Currently Stellaris has a lot of mechanics... that players never have to deal with because they can reliably turn them into non-issues and forget those aspects of the game exist. Suppressing factions for example, selectively purging faction/ethically divergent pops, selectively enslaving faction/unhappy pops, tossing all unhappy planet-factions into one sector to reduce the number of factions to suppress.
That's too simple, too abusable.
So to address that, factions are being changed so that you HAVE to interact with them and then deal with the consequences of your interactions, no more one-click problem solvers.

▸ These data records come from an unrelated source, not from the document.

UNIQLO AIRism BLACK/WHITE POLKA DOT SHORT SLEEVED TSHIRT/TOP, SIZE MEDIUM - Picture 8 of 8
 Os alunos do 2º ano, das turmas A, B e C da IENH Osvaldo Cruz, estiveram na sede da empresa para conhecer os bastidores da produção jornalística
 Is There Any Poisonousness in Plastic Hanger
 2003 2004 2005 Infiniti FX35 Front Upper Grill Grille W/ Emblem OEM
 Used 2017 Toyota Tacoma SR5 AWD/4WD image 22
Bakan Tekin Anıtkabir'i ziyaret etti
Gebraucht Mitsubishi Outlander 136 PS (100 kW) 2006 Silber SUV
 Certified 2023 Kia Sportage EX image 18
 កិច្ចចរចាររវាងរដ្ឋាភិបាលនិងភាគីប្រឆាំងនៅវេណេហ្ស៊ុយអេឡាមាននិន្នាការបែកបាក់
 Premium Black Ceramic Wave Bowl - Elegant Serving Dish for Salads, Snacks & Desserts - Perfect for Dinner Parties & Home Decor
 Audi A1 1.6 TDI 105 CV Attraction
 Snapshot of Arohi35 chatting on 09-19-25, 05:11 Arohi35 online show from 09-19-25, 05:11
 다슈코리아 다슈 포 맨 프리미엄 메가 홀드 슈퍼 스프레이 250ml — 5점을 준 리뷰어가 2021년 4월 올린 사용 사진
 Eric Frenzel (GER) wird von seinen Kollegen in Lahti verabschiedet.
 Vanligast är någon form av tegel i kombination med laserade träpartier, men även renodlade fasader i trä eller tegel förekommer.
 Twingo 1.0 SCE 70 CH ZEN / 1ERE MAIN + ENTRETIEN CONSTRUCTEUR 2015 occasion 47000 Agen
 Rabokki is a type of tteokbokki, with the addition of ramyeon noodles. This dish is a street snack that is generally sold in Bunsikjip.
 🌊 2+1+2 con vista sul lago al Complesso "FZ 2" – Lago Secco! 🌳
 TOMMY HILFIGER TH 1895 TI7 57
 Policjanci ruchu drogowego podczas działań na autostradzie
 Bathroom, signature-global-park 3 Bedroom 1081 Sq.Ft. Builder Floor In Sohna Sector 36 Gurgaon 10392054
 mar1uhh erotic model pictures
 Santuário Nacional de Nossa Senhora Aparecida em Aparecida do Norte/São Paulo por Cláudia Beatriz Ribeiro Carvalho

Species-wide slavery and purging is designed so that you can't just cherry-pick dissidents, but actually have to either pacify everyone or fight ethics divergence the old fashioned way. Unrest on planets is being introduced so that revolts WILL (like they logically should) happen under oppressive regimes and the oppressed, impoverished, unhappy pops WILL be less efficient.
If you don't want planets to be unproductive messes constantly on the verge of revolt, don't fill them to the brim with billions of people who despise you. Resettlement will probably be the best way to counteract unrest buildup, but in the end, if you are playing a warmongering empire of slavers and sapient cuisine connoisseurs... you kinda have to live with the consequences of it ^^ Just like all-welcoming egalitarian xenophiles will have to deal with factions, divergence, limited expansion avenues and the sheer expenses of trying to keep everyone happy.
Strategy games are at their most boring when they start to play themselves. Perfectly functioning empires, lack of internal and external threats, complete domination over everything in the galaxy are all lovely power fantasies, but... if it's as effortless as it's now, then the entire charm of the fantasy evaporates.